Task to complete: Your answer should be the records, copied exactly, with the pictures removed.

Extracted records:
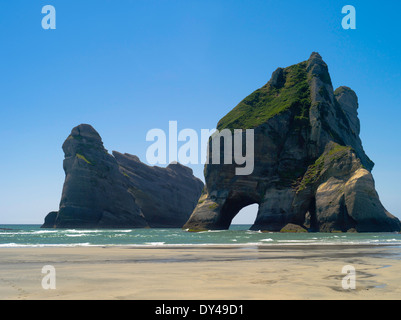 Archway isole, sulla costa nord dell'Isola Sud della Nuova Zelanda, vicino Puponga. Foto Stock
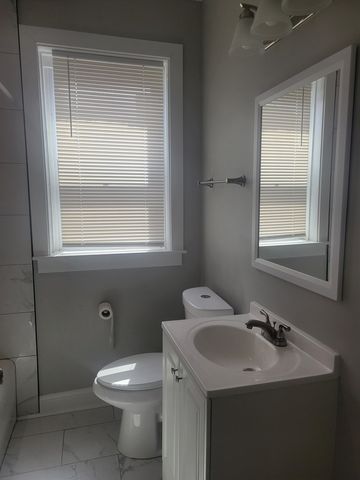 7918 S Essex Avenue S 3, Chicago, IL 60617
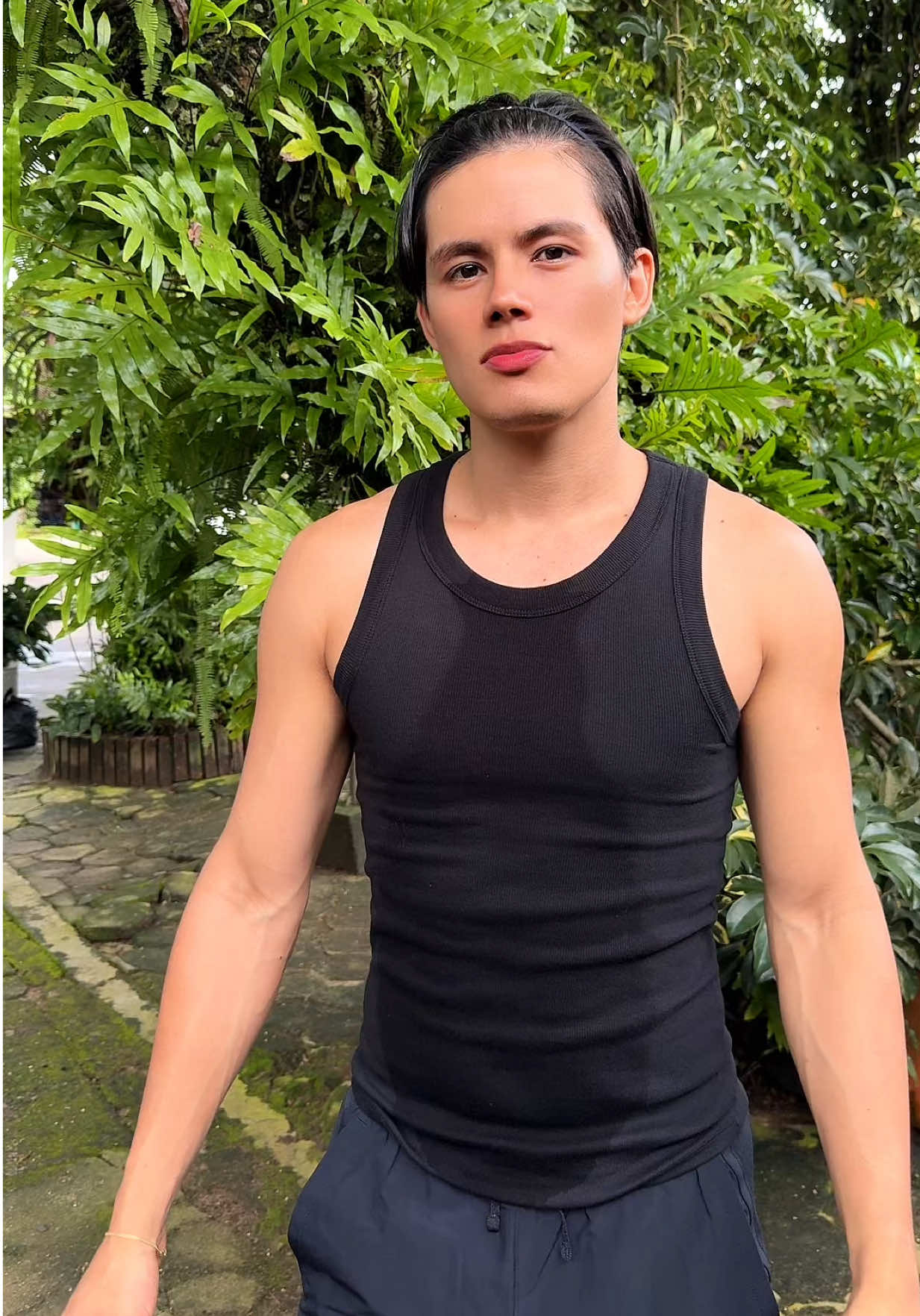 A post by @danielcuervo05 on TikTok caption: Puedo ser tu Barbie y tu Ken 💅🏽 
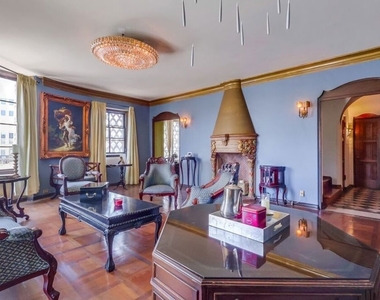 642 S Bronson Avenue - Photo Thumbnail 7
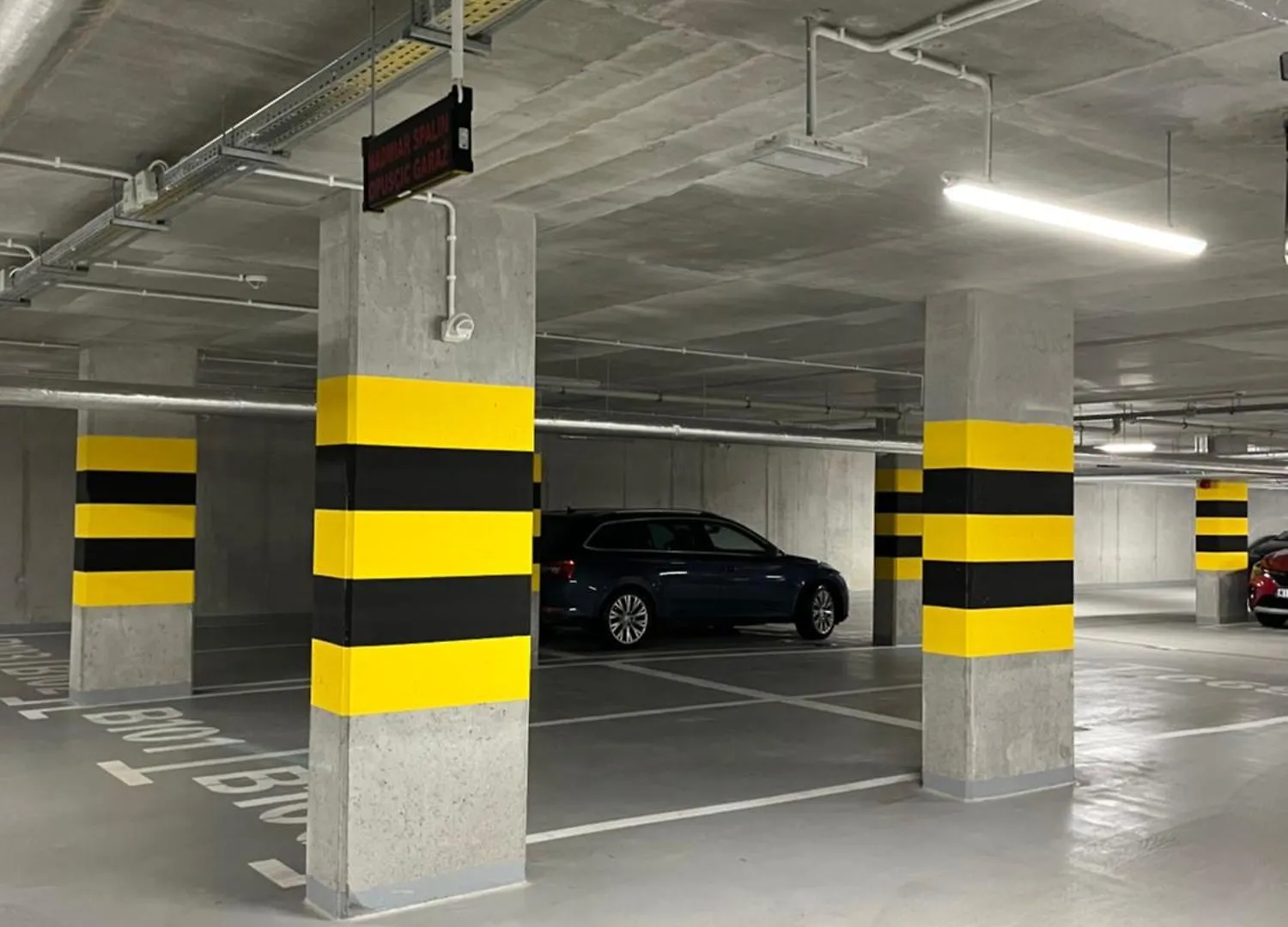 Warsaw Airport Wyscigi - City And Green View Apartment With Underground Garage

Answer to the exercise:
 Archway isole, sulla costa nord dell'Isola Sud della Nuova Zelanda, vicino Puponga. Foto Stock
 7918 S Essex Avenue S 3, Chicago, IL 60617
 A post by @danielcuervo05 on TikTok caption: Puedo ser tu Barbie y tu Ken 💅🏽 
 642 S Bronson Avenue - Photo Thumbnail 7
 Warsaw Airport Wyscigi - City And Green View Apartment With Underground Garage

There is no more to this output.